There are very few binary formats it's not possible to match right now (other than ones based in containers, which have their own signatures in any case). However, there are a lot of signatures which amount to horrible hacks, to work around the limitations of earlier DROIDs. There are quite a lot of signatures which do more work than they need to, and are much less clear than they could be, as the DROID syntax can't curently handle quite standard features of normal regular expressions (for example, the absence of optionality). Bringing them closer to standard Java regular expressions would be one way to do this (if they are not replaced by them!).

You are right to say that the big gaps in DROID identification are indeed around text formats, not binary signatures. There's a whole proposal (including some detailed text heuristics I developed) on the DROID 7 wiki about this. In my (not so!) humble opinion, reg ex is simply not the way to go for text format identification - but that's a whole different discussion I'd be happy to have elsewhere, as I think we've drifted significantly from the point of this thread!

andy jackson's picture

Sorry, I didn't mean to imply that RegEx would be suitable for attacking the text identification problem. It is possible to make some headway like that, but regular languages cannot be used to parse HTML and other higher-order formal languages properly. I've noted some ideas on this in the DROID7 wiki.

I did a lot of signature analysis and profiling during DROID 5 and 6 development. Any DROID signature with more than one sub-sequence involves the equivalent of a .* expression for those sub-sequences. This is a very high proportion of them. Now, some of them find the next subsequence fairly quickly - but many of them actually do a lot of scanning.

Put it this way, when profiling DROID, the majority of its identification time is spent in the Boyer Moore Horpsool algorithm scanning along byte streams. So for me, the performance issue is already a known factor - there is a lot of scanning to find the next matching subsequence of a signature.

I'm looking forward to any other experimental data that might appear.

andy jackson's picture

Okay, fair enough. I don't quite understand how B-M-H is helping here, given that you are having to scan the bytes anyway, which suggests I/O is the limiting factor, but I'm happy to be wrong about that.
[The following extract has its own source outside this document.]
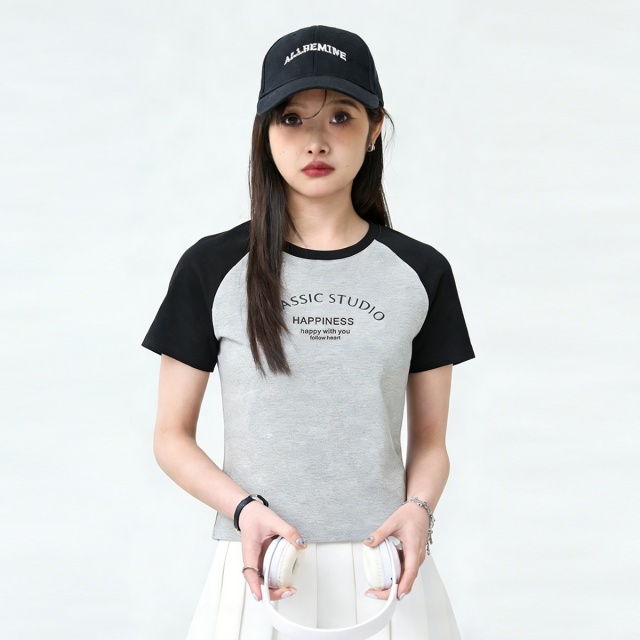 13715476.it ccaabb 夏季圆领简约拼色舒适修身休闲棉质短袖T恤女上衣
I didn't really mean to get so distracted by the performance issues. My only point is really that I'm willing to accept a reasonably signficant speed and even expressivity loss if we can permit the use of a more widely adopted signature language. Of course, you and the TNA are free to disagree with me!

Well, BMH helps precisely by *not* having to examine all the bytes - it's a sub-linear search algorithm which skips over bytes that can't match, without examining them at all. Of course, they still have to be read into a byte buffer, but you don't have to actually process all of them any further!

But I'm largely in agreement with you - I would also sacrifice performance if it meant making signatures easier to work with and more sustainable. I don't know what TNA thinks, as I don't work there anymore!

andy jackson's picture

Sorry about that - I didn't mean to imply that you work at TNA. Should have stuck to a more general 'YMMV'.